**Work task**
I would like each line of the data that holds the word "with" copied out.
####################
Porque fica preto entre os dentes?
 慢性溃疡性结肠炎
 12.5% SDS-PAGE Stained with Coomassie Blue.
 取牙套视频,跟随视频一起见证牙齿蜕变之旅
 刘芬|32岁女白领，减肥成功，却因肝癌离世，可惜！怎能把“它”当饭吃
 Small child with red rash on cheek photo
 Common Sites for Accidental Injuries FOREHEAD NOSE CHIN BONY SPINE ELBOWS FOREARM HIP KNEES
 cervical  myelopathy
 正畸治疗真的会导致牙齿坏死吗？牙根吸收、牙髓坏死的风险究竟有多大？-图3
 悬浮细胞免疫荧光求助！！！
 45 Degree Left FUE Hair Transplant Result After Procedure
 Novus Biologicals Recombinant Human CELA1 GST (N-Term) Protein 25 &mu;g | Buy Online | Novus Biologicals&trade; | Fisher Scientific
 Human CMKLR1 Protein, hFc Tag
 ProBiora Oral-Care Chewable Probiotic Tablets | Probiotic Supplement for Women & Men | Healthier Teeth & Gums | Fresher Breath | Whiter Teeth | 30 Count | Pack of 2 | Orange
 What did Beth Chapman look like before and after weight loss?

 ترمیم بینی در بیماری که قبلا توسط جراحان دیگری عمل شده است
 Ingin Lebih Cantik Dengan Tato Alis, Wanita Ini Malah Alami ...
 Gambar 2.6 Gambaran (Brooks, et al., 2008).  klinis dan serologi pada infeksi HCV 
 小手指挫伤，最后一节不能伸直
####################
**Result of the exercise**
 12.5% SDS-PAGE Stained with Coomassie Blue.
 Small child with red rash on cheek photo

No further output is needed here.